Event Producer: The system that sends the event -> For example a REST API
Event Routers: The system to orchestrate all events and launch the required services
Event Consumers: The services that consume the event
Event: The actual event consumers are working on

Why do we need an Event-Driven Architecture?

Now we know what an event-driven architecture consists of. But what are the problems we face that we need to migrate to an EDA?

Let's have a look at the top 3 reasons why we want to implement a proper EDA at hashnode.

Performance & Background Tasks

Users should have an amazing experience while using hashnode. One aspect of this is of course performance. Performance in this case is the execution time of one endpoint. For example, the time between clicking the button Publish Post and your post actually being published.

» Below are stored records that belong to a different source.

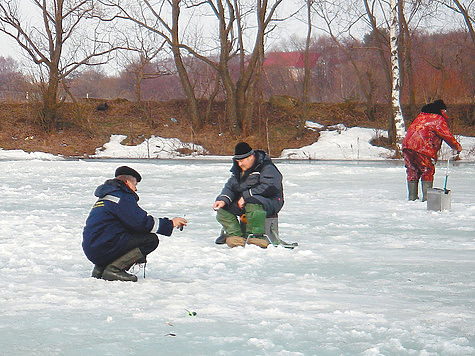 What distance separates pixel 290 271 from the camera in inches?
252

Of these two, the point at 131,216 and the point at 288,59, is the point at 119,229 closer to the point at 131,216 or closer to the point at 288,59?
the point at 131,216

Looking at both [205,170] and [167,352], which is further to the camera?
[205,170]

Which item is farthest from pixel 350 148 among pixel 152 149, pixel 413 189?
pixel 413 189

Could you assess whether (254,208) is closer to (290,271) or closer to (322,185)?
(290,271)

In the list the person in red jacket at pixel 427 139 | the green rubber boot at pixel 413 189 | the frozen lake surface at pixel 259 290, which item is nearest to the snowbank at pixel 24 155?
the frozen lake surface at pixel 259 290

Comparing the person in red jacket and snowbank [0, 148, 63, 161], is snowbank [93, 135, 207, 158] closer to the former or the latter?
snowbank [0, 148, 63, 161]

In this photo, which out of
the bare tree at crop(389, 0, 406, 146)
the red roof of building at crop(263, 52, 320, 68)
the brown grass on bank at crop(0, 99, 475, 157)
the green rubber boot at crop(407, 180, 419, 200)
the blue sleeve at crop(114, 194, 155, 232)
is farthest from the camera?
the red roof of building at crop(263, 52, 320, 68)

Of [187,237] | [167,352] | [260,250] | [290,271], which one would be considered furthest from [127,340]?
[187,237]

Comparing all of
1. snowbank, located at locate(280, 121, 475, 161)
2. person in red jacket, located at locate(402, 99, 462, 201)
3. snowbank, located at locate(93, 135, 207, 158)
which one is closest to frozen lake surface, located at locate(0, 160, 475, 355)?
person in red jacket, located at locate(402, 99, 462, 201)

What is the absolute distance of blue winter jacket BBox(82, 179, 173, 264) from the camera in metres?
5.59

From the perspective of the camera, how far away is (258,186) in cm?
765

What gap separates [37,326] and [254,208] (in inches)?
141

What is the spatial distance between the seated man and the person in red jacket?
453 cm

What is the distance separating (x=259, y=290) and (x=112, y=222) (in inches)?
53.3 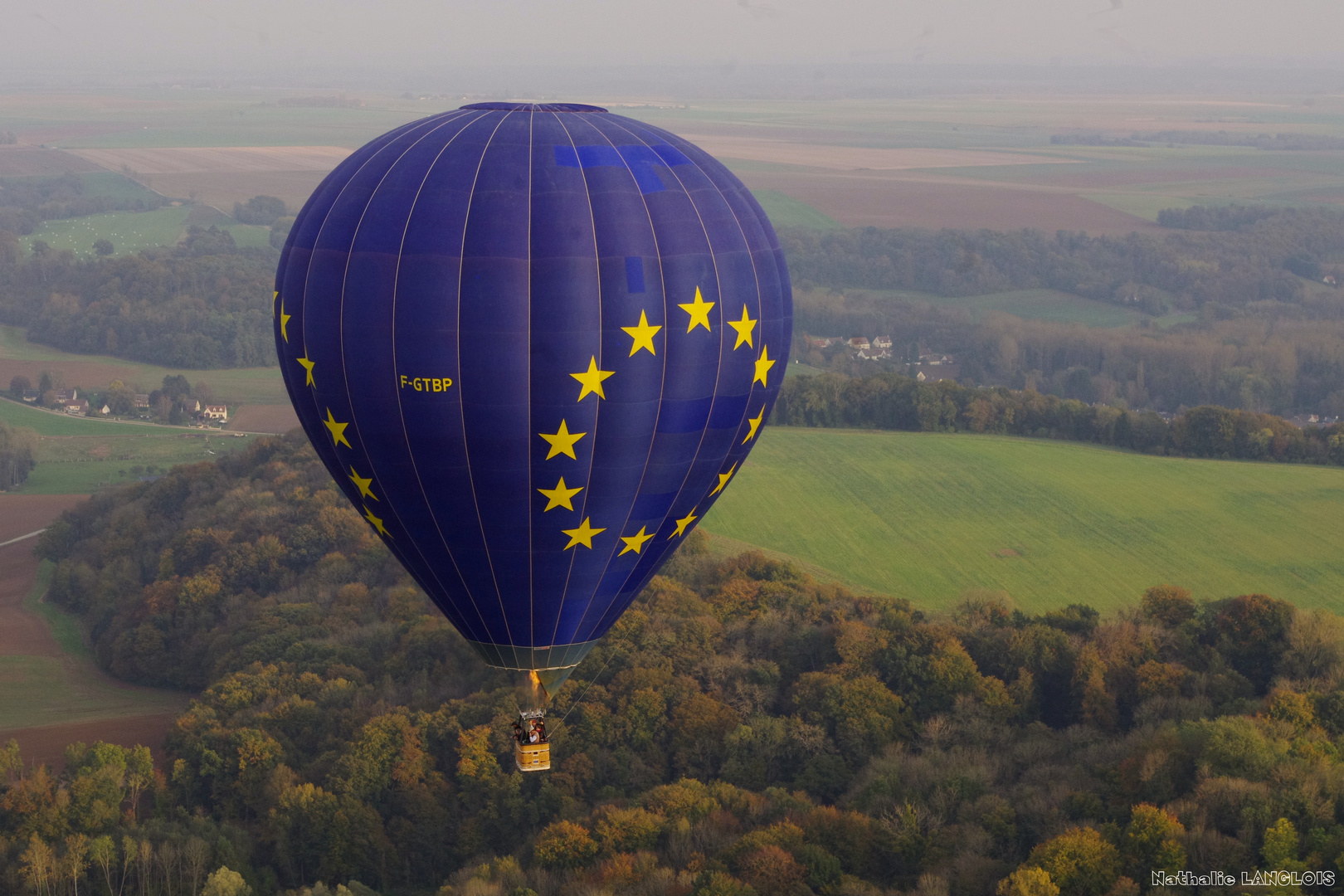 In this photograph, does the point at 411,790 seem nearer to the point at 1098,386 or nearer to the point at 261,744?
the point at 261,744

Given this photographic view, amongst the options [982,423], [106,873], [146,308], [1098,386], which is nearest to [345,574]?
[106,873]

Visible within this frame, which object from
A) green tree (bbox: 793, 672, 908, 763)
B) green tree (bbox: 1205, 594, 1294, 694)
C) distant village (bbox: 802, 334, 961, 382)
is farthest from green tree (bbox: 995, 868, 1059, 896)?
distant village (bbox: 802, 334, 961, 382)

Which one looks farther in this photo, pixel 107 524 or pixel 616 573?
pixel 107 524

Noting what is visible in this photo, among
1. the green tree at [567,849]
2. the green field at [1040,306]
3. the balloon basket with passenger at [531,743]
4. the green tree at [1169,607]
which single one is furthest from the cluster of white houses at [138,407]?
the balloon basket with passenger at [531,743]

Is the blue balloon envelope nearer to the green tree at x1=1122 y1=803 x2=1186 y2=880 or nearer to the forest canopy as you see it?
the forest canopy

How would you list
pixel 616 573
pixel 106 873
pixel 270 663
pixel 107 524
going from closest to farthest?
1. pixel 616 573
2. pixel 106 873
3. pixel 270 663
4. pixel 107 524

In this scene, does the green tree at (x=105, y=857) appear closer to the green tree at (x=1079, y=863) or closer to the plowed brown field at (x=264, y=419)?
the green tree at (x=1079, y=863) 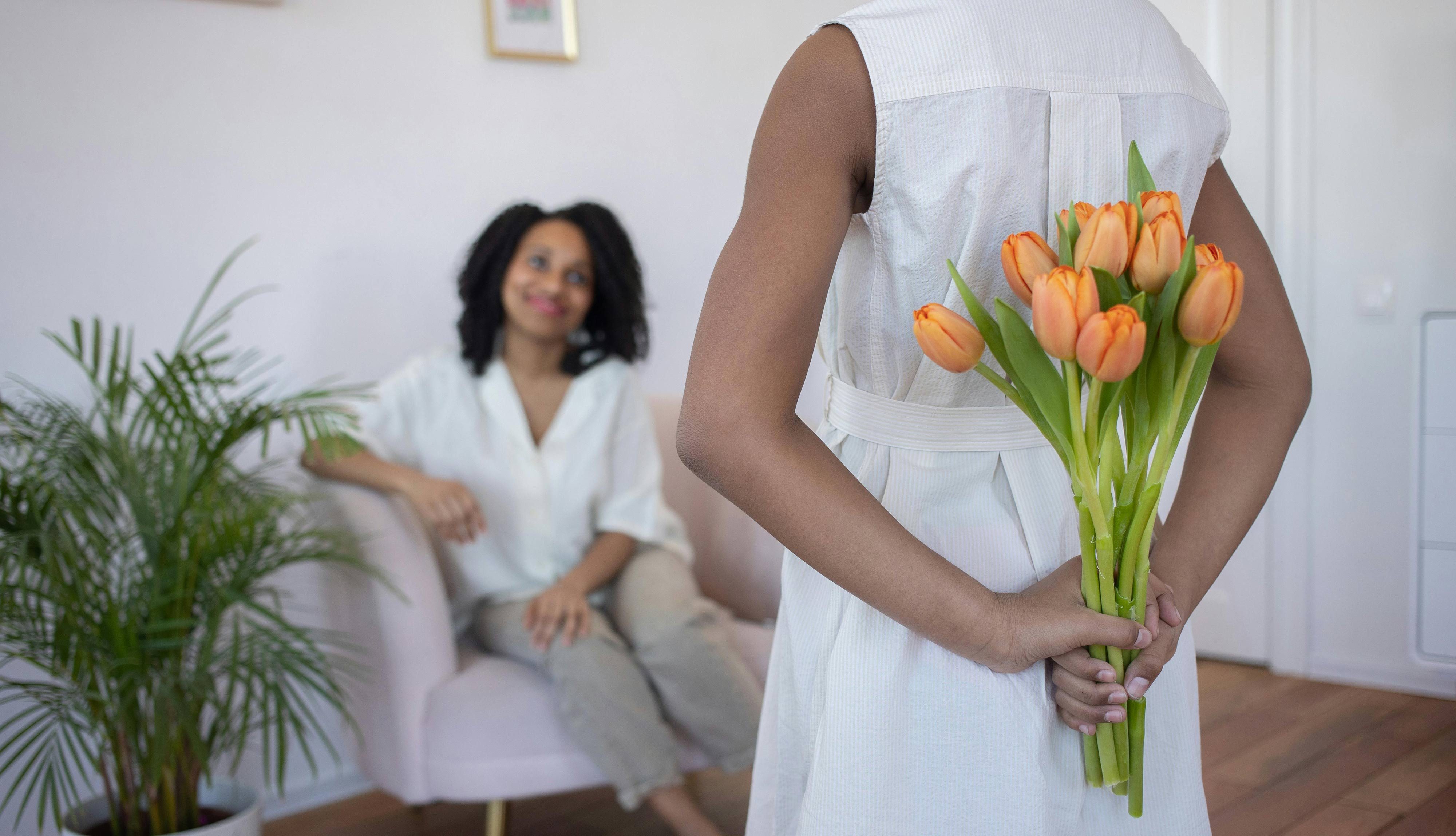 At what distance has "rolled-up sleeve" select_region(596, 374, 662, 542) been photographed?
83.0 inches

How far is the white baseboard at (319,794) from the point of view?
2232mm

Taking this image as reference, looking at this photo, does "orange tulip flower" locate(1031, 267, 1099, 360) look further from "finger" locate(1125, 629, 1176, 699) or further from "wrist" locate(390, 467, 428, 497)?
"wrist" locate(390, 467, 428, 497)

For understanding this point it is crucial to understand the difference between synchronous and asynchronous processing. Synchronous processing is often a typical REST API. The user clicks on the button Publish Post, and the browser shows a loading indicator as long as the API is processing (making DB calls, markdown to HTML, etc.).

Synchrnous vs. asynchronous processing

Asynchronous processing is also often referred to as background processing. The user can interact with your application again and is not blocked to continue work on your website. All other tasks will be worked on in the background.

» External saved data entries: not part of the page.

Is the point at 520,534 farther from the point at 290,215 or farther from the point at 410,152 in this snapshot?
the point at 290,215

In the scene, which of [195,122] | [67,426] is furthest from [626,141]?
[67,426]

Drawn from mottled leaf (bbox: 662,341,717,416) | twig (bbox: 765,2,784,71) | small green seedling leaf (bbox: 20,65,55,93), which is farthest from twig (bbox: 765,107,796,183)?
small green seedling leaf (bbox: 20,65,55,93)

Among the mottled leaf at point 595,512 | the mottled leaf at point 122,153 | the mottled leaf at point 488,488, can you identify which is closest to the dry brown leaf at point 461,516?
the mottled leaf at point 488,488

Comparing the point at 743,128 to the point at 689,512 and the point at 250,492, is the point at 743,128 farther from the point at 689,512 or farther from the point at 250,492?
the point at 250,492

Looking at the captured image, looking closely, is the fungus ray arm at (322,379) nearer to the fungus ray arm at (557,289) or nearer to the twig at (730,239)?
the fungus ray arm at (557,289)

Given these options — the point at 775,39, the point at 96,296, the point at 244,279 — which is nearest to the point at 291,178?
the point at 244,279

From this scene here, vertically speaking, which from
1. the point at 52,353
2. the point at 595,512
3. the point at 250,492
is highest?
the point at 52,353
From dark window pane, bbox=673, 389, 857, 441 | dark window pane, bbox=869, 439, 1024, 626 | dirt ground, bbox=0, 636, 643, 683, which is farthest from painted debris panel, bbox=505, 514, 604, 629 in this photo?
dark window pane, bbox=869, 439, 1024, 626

If we would add all optional services such as

GitHub Backup
Badge Assignment
Sending Newsletters

to our synchronous endpoint, it would take really long till the actual post is published and the user sees it. But if we only do the most crucial part the user needs, i.e. publishing a post, and putting all other tasks into the background we have a much nicer user experience.

By introducing an EDA we allow systems to work on these tasks asynchronous and completely independent from the actual user-facing API.

Decoupling

A second major reason is decoupling.

a measure of how closely connected two routines or modules are [1]

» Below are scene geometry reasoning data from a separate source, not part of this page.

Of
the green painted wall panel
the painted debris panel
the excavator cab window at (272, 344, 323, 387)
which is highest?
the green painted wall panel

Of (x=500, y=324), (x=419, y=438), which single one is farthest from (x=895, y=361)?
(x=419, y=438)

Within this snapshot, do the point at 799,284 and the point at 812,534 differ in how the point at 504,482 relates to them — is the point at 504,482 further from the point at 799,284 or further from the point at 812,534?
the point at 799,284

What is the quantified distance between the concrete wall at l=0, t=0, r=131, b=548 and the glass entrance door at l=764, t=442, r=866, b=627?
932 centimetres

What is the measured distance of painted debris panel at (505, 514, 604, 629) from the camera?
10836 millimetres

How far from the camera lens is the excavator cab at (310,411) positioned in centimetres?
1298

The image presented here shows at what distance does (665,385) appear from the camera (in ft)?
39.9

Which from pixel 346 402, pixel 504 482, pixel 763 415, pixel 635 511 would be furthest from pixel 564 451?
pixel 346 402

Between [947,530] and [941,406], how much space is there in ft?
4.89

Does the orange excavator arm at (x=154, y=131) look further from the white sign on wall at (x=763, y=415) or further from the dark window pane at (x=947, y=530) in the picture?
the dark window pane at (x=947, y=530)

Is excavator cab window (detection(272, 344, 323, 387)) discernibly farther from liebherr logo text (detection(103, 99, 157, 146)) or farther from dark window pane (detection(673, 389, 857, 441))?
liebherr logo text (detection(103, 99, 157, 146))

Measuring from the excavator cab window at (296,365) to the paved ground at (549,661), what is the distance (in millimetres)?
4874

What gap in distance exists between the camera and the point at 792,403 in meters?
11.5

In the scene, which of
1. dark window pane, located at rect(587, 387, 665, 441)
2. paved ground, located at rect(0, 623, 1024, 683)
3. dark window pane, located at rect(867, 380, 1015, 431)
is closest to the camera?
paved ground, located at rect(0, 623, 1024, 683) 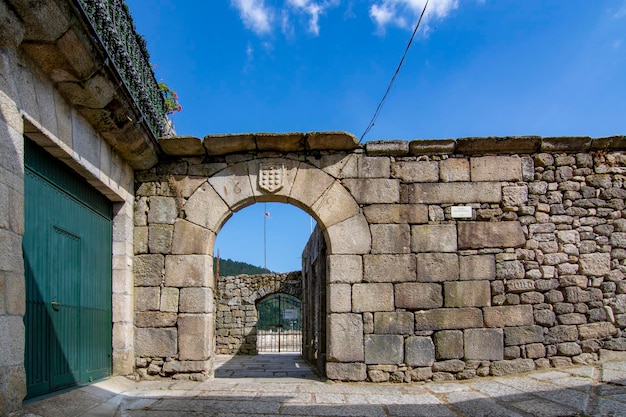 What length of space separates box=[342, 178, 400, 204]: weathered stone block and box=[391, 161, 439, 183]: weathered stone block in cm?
11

Decoupling means that systems and teams can work independently from each other without knowing much more than an interface or an API specification.

Coupling isn't only referring to the software modules, but it can also refer to many different things. See some examples here:

Type	Examples
Technology	Java vs. C++
Temporal	Sync vs. async
Location	IP, DNS

One really bad case of coupling on hashnode's current state is that the event producer, i.e. the REST API needs to know which services to call in which circumstances. For example, if a post was published in a team blog and this blog has GitHub backup enabled the API needs to call the GitHub Backup service. While this is straightforward, to begin with, it doesn't scale well with more services to call and also not with having more developers on the team that should own their services.

In a coupled architecture it would look like that:

Coupled Architecture with only 2 Services

While this looks easy for one or two services with the increase of features this will get more and more complex. After a while, there are many cases where sub modules depend on each other or have to do retries in certain cases. This should be the point to think about decoupling your architecture.

Coupled Architecture with many Services

With a proper EDA, this is much easier by having consumers of events (e.g. GitHub Backup Service) subscribing to certain events. Let's see an example

Example of Decoupling for EDA

For all posts, the badge assignment will start since there is some more business logic involved. GitHub backup is dependent if a user has it enabled in their blog.

If you look at the first event, the flag for gitHubBackup is false. That means the service won't listen to the event and won't start the actual backing up of the post.

The second blog has gitHubBackup enabled and therefore launches the backup service.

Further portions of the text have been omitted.